▸ Exercise requirements
No pictures belong in the result; set down exactly the lines from the one containing "Blusa algodón estampado floral" through the final line of the listing, and nothing more.

▸ Data provided
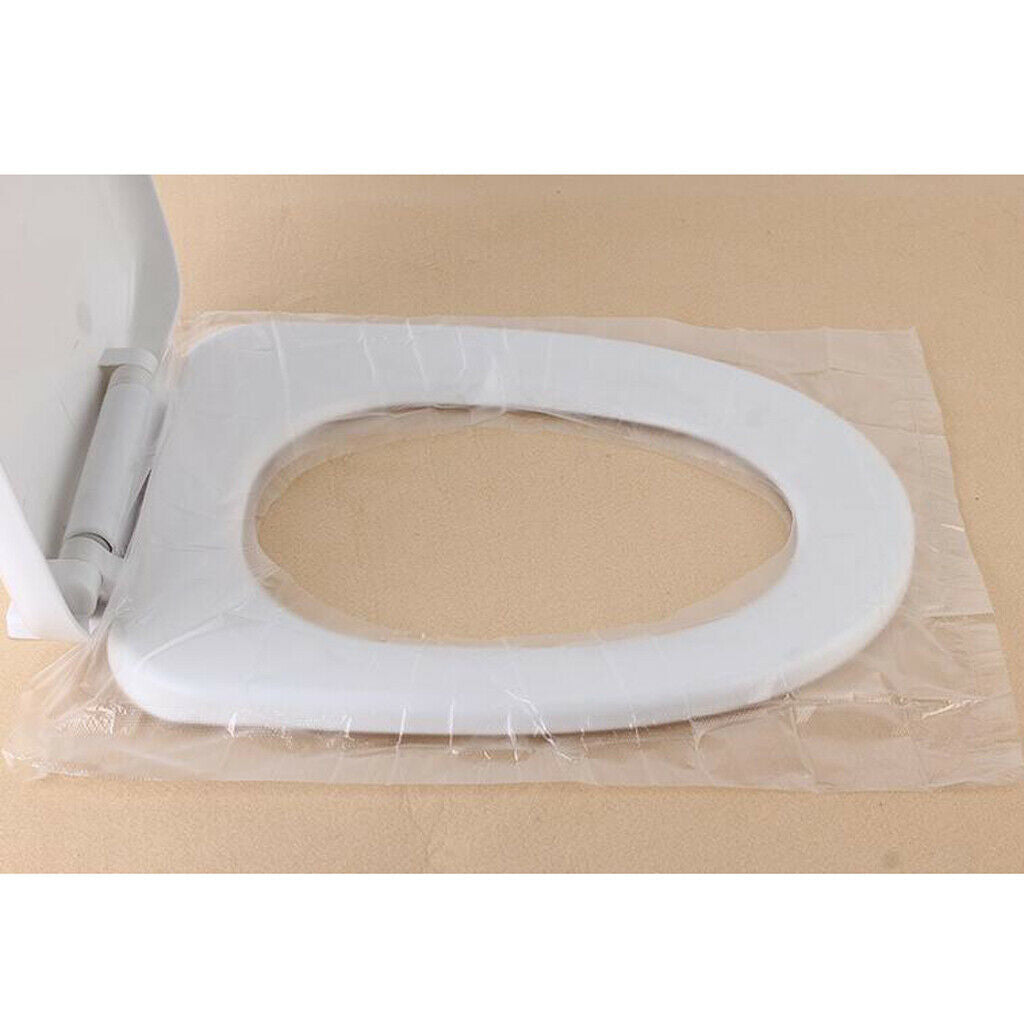2X 50 Pieces Travel Waterproof Toilet Seat Paper Covers Disposable Sanitary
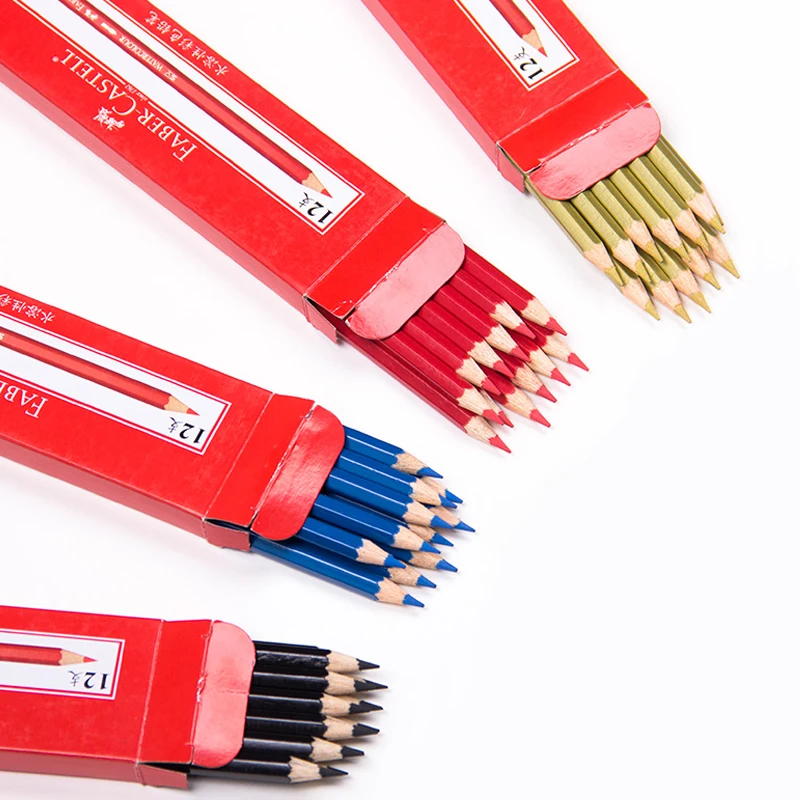 12 шт. водорастворимые цветные карандаши Faber Castell промышленные фигурки ручной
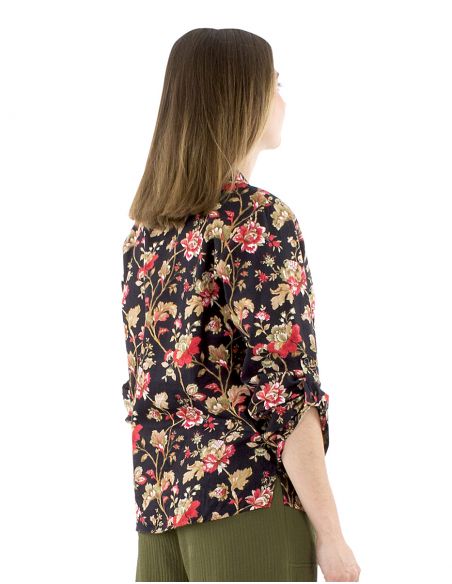 Blusa algodón estampado floral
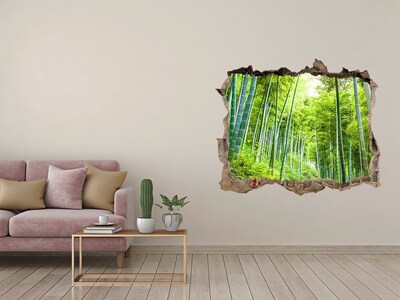 Hole wall sticker Bamboo forest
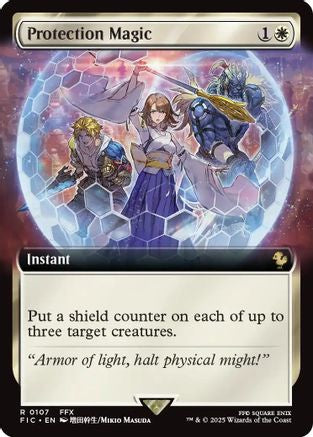 Protection Magic (Extended Art) (FIC-107) [Commander: FINAL FANTASY] Foil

▸ Task output
 Blusa algodón estampado floral
 Hole wall sticker Bamboo forest
 Protection Magic (Extended Art) (FIC-107) [Commander: FINAL FANTASY] Foil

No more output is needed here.